RECORDS TO USE:

┌──

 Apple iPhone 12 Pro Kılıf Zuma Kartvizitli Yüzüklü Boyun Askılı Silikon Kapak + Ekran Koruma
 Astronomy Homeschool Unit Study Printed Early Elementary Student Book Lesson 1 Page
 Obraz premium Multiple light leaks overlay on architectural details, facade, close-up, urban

└──
┌──

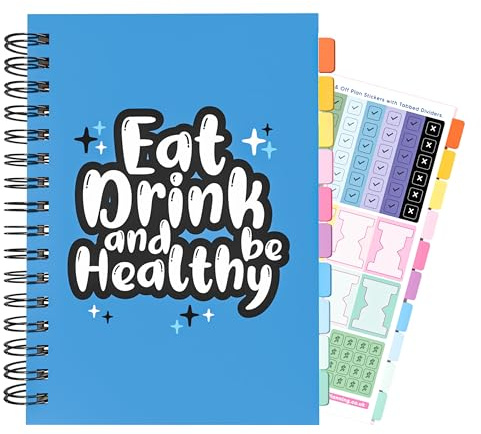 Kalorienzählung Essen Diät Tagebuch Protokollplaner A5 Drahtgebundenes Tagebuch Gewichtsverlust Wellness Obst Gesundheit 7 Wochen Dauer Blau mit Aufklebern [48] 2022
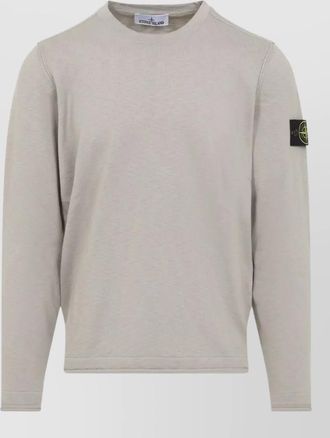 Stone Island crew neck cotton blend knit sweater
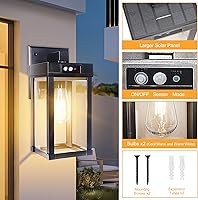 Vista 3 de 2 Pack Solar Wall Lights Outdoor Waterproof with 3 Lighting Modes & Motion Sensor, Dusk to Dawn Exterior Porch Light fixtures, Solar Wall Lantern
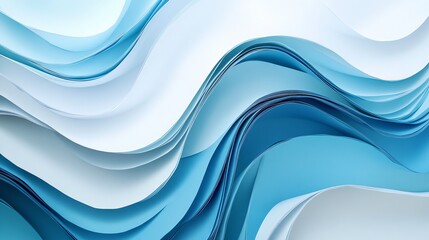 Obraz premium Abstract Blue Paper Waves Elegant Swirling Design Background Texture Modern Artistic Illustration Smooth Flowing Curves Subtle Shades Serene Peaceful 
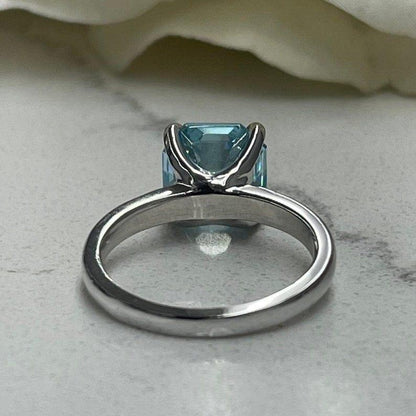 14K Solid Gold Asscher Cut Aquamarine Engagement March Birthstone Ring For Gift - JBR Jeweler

└──
┌──

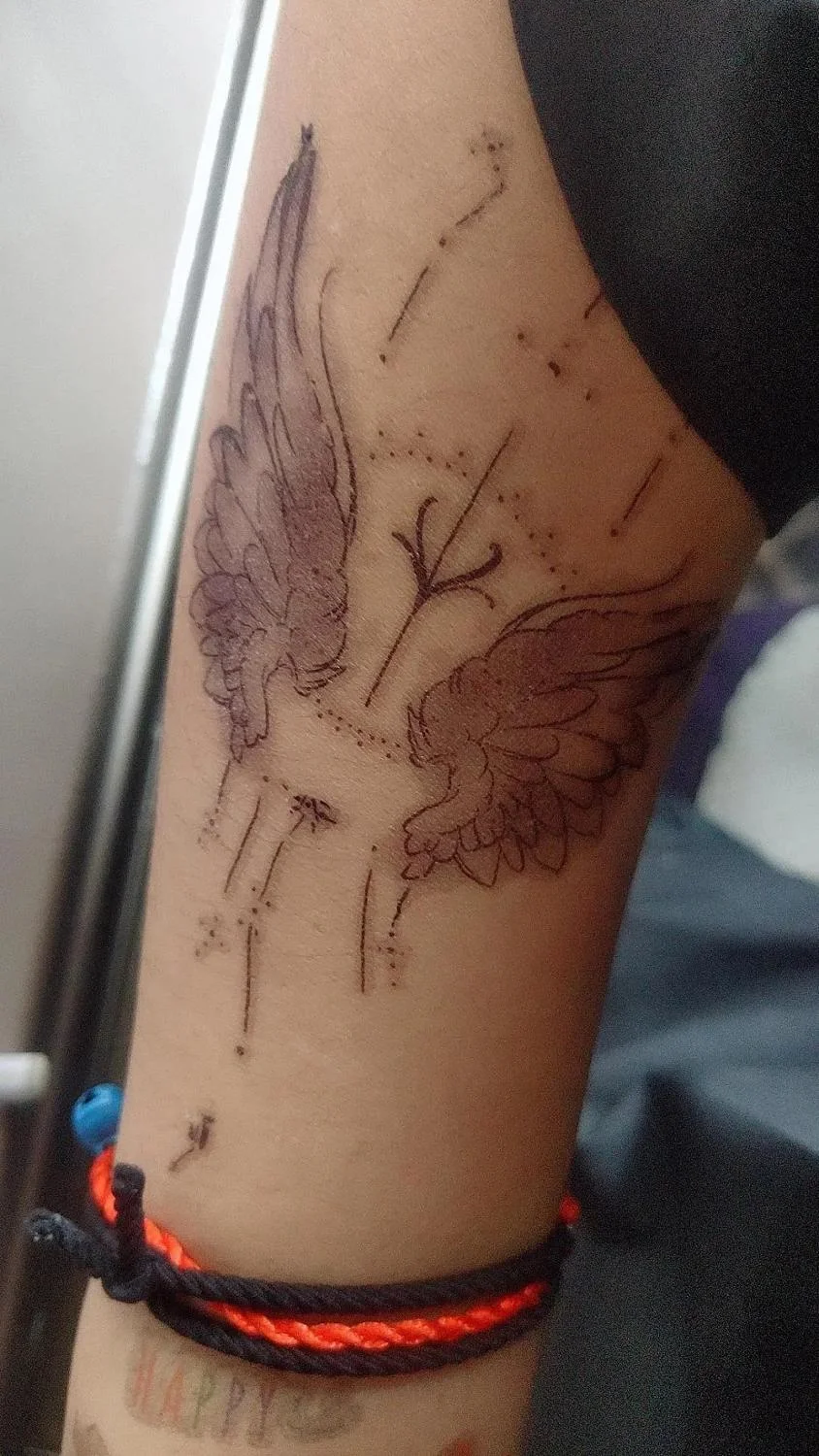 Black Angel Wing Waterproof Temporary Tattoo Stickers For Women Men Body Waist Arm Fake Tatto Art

└──

TASK INSTRUCTIONS:
From the entries above, restate word for word the lines from the line containing "Apple iPhone 12" to the line containing "Obraz premium Multiple", both ends included, and nothing more.

SOLUTION TO THIS EXERCISE:
 Apple iPhone 12 Pro Kılıf Zuma Kartvizitli Yüzüklü Boyun Askılı Silikon Kapak + Ekran Koruma
 Astronomy Homeschool Unit Study Printed Early Elementary Student Book Lesson 1 Page
 Obraz premium Multiple light leaks overlay on architectural details, facade, close-up, urban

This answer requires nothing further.